Networking and industry meet-and-greets are inherently uncomfortable, even for the extroverted out there. Thankfully, as someone who has already worked her way up the ladder, you are now the connection people hope to gain. This means that, while you are getting your bearings, you can let people come to you. This is far easier than trying to force yourself to start conversations before you’re ready to do so.
The Buddy System
You’re never too old or too high up the food chain to eschew the buddy system. In this instance, what you’re going to do is pair up with someone extroverted. The extroverts among us are fantastic at taking the leap to make introductions and striking up conversations in uncomfortable environments. As someone more introverted, your strength is keeping the conversation going by asking questions and paying close attention to how the person responds. It’s a symbiotic relationship and can help your extroverted “buddy” as much as it helps you.
Step it Up a Notch
By now you know that networking is about more than the initial meeting. It is about following up on that meeting. The simplest way to do this is to follow each other on social media. The casual nature of social media allows you to keep up with each other without a ton of effort. The connection can grow at its own pace. Reply to their posts. Promote their posts. Inevitably you’ll see one of your connections need something. This is when you make your move. Suggest a solution, offer to help, offer to connect that person with someone you know who can help them, etc.

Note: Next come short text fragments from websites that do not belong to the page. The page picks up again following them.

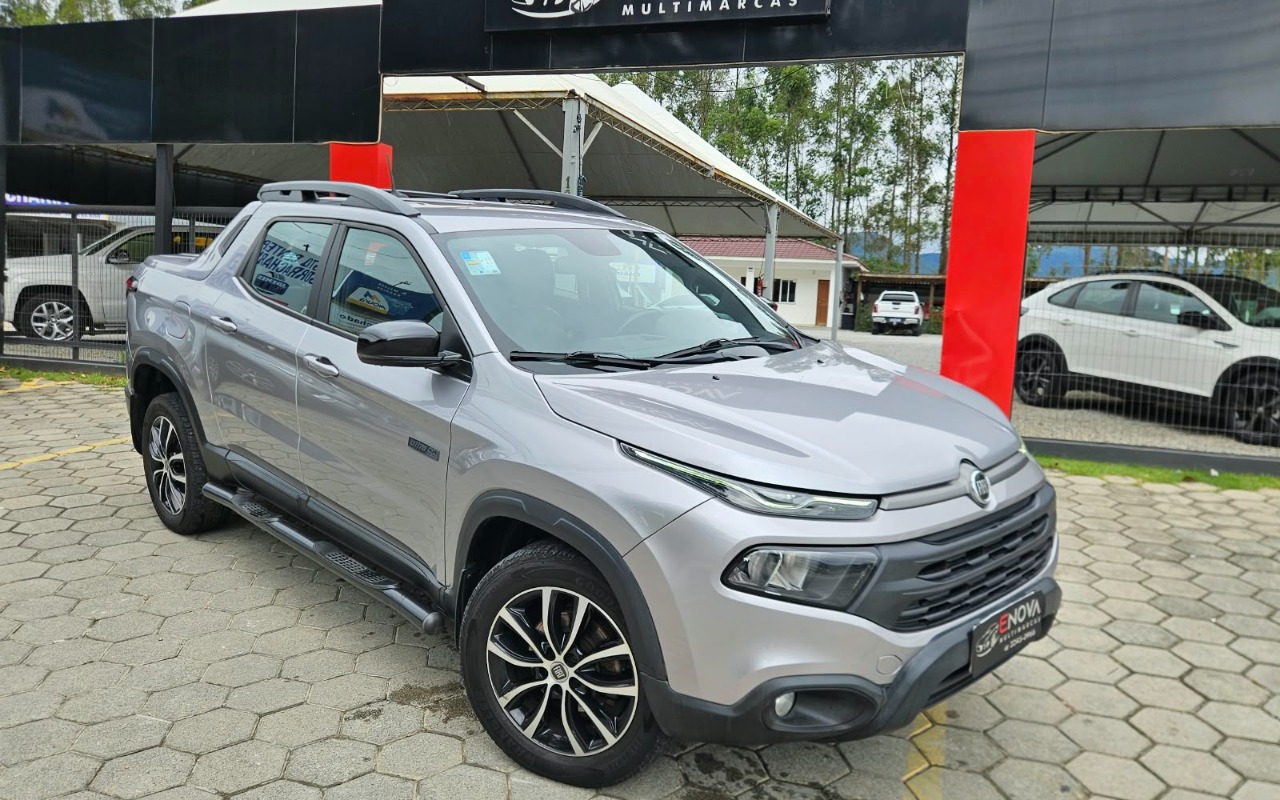 Fiat Toro 2021 Prata — foto 1 de 3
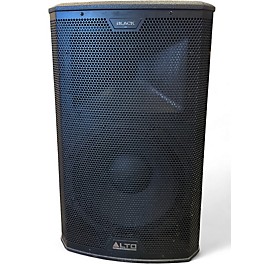 Used Alto Black 12in 2-Way Loudspeaker 2400W With Wireless Connectivity Powered Speaker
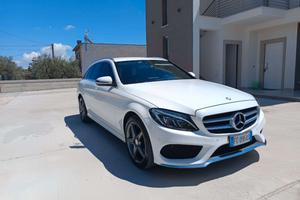 Mercedes classe c220d AMG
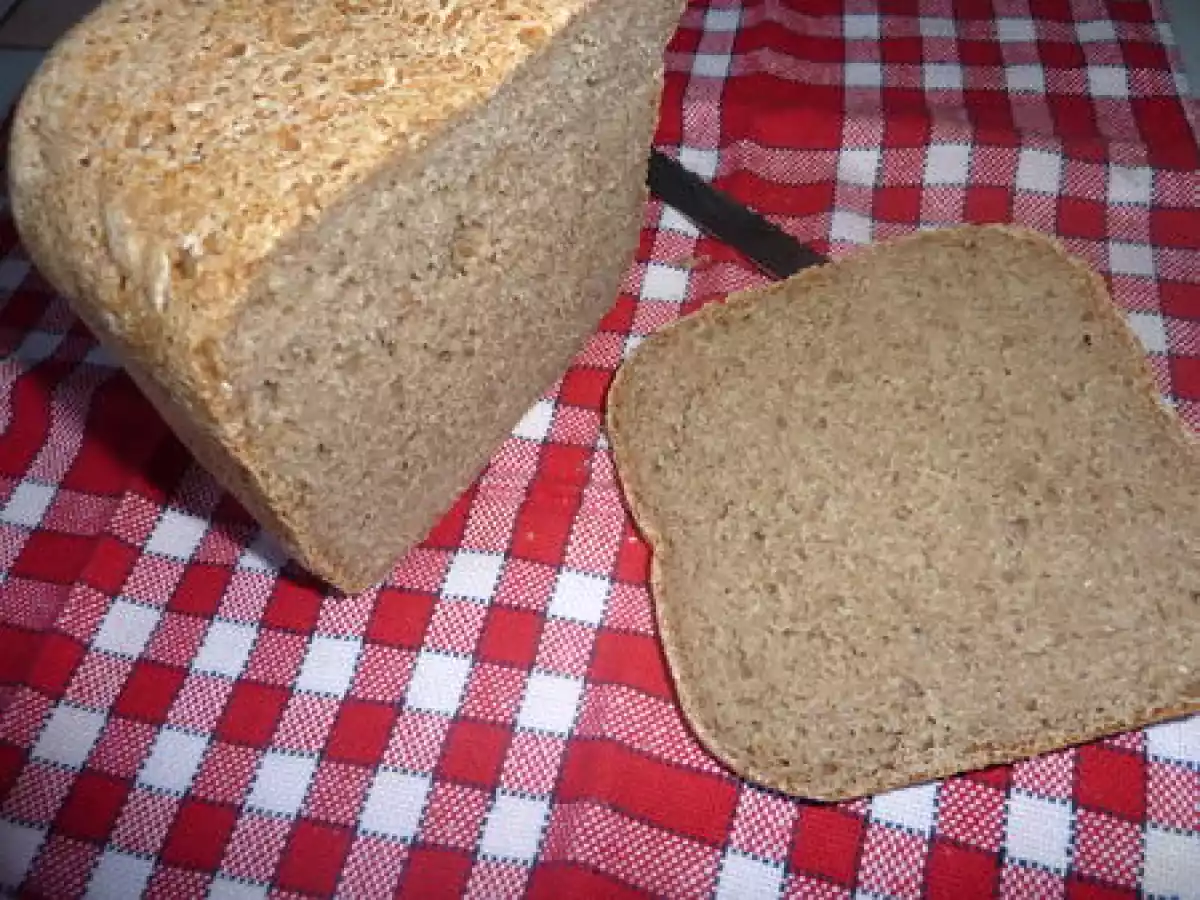 Pain complet aux 5 céréales - photo 2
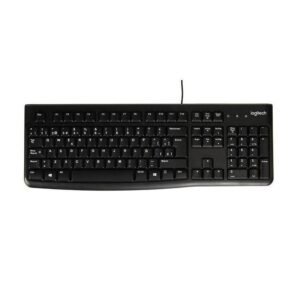 Teclado Usb Logitech (K120) Negro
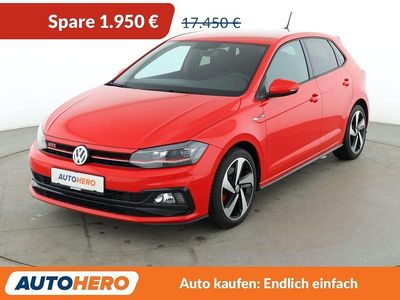 Gebraucht VW Polo GTI 200 PS (147 kW) 2018 Rot Kleinwagen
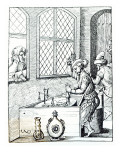 Officer of the Mint, from 'Science and Literature in the Middle Ages and the Renaissance', written  reproduction procédé giclée par Jost Amman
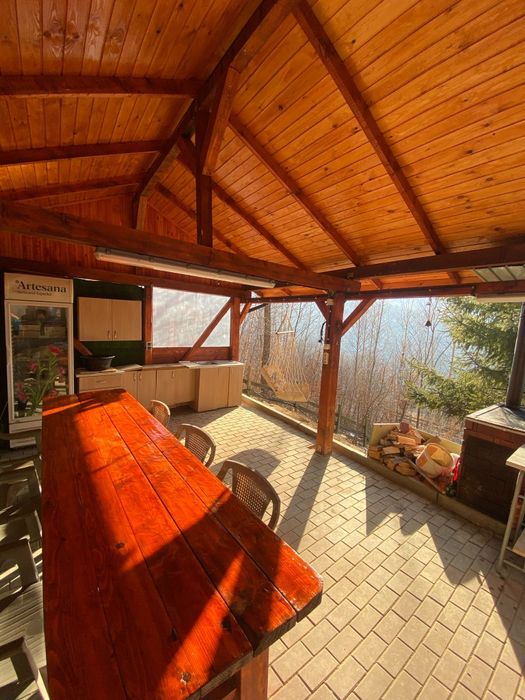 Cabana la munte, libera de 1 Decembrie!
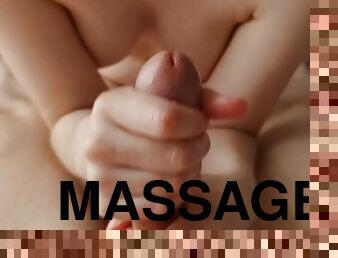 Hot Intense Cock Massage! POV! 4K! 60FPS!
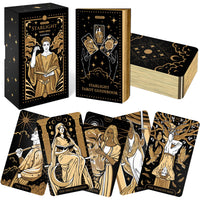 Wyspell Starlight Tarot Cards: Gold Edition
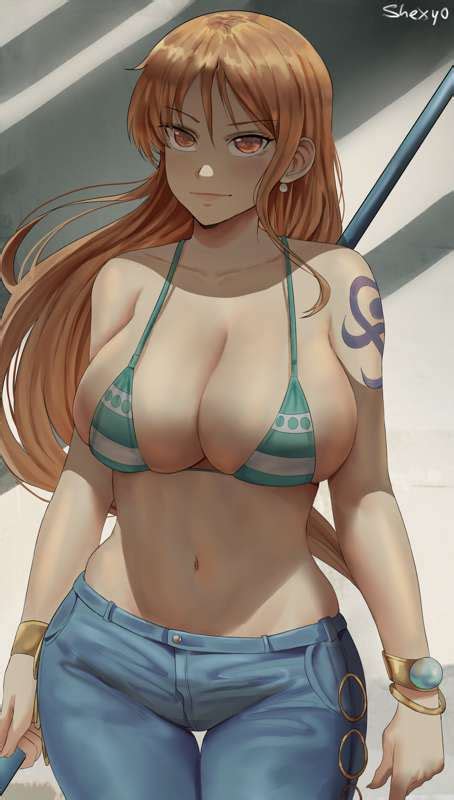 Nami One Piece Nsfw Variation By Shexyo From Patreon Kemono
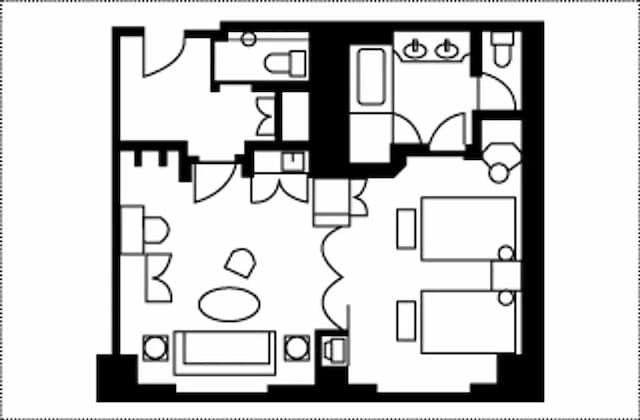 Hotel Associa Takayama Resort-NoSmoke Suite Twin Room-6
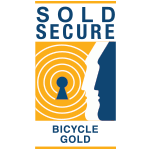 Lock illustration showing the highest security rating of Gold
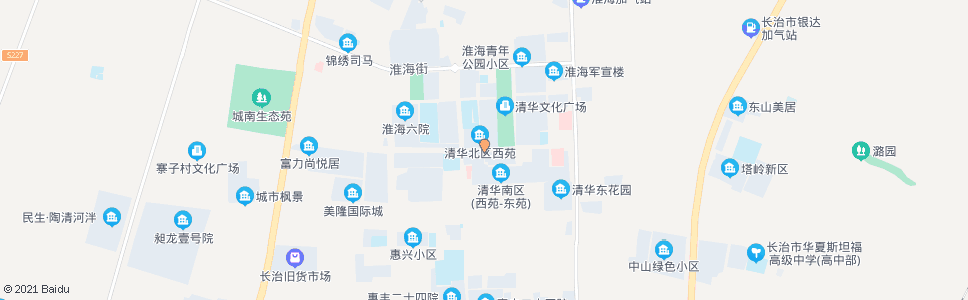 长治清华厂_公交站地图_长治公交_妙搜公交查询2024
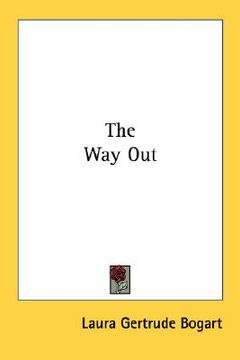 portada the way out (en Inglés)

This works so well because you’ve already built up trust with your connection. You feel like you know each other already, so helping them solve a problem won’t feel strange or awkward. And it increases the likelihood that your offer will be seen and, more importantly, taken seriously.
Now what you must do is follow through on your offers. The hard part is not promising more than you know you can deliver. One of the best parts of making progress in your career is having the means to lend a hand to those who are still working their way up. Mentoring and helping others advance can become almost an addiction. Therefore, you need to be objective. Apply your business know-how to your urge to help and remember: it is better to promise small and deliver big than to promise big and deliver small.
Grow, Baby, Grow
The nice thing about this approach is that it takes the awkwardness of networking and turns it into an introvert-friendly and organic connection process. Best of all, your initial success will build upon itself naturally over time. It will be the best automated process you’ve ever developed.
People who actually enjoy networking are the unicorns of the business world. Most of the people you meet will be just like you: forcing themselves to do something incredibly awkward that they hate because they know it will help grow their companies. Your urge to avoid it is understandable. Still, try using the method we’ve outlined here. It’s awkwardness reduction properties will make networking much easier to endure.